Digital Humanities is far beyond tools, in my opinion. Historical interpretation using digital tools is a different process than traditional close reading, but today’s Google-enabled traditional close reading is a different process than the archival practice of days past. Someday soon, Digital Humanities will once again be Humanities. Our use of text analysis, network and data visualization, geospatial mapping and other approaches will become an assumed and comfortable part of the research landscape. As always, scholars who brave the journey must be ready with a pioneering spirit to overcome the obstacles that come with the territory, digital or otherwise. If scholars can sustain and nourish their historical empathy while overcoming the challenges of a constantly evolving technological landscape, Digital Humanities (and digital history) will continue to thrive.

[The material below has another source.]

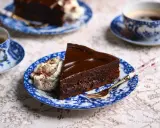 En bit chokladkaka med glansig ganache och vispgrädde, serverad med kaffe. Perfekt för ett enkelt ganache recept.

Micki Kaufman is a doctoral candidate in US History at the Graduate Center of the City University of New York (CUNY). Her dissertation, “‘Everything on Paper Will Be Used Against Me:’ Quantifying Kissinger” is a seven-time winner of the CUNY Graduate Center’s Provost’s Digital Innovation Grant. She is a co-author of “General, I Have Fought Just As Many Nuclear Wars As You Have,” published in the December 2012 American Historical Review. In 2015, Kaufman was awarded the ACH and ADHO’s Lisa Lena and Paul Fortier Prizes for best Digital Humanities paper worldwide by an emerging scholar. From 2015-2017 she served as a Virtual Fellow with the Office of the Historian at the US State Department, is currently a Biography Dissertation Fellow at the Leon Levy Center, and serves as an elected member of the Executive Council of the Association for Computers in the Humanities (ACH).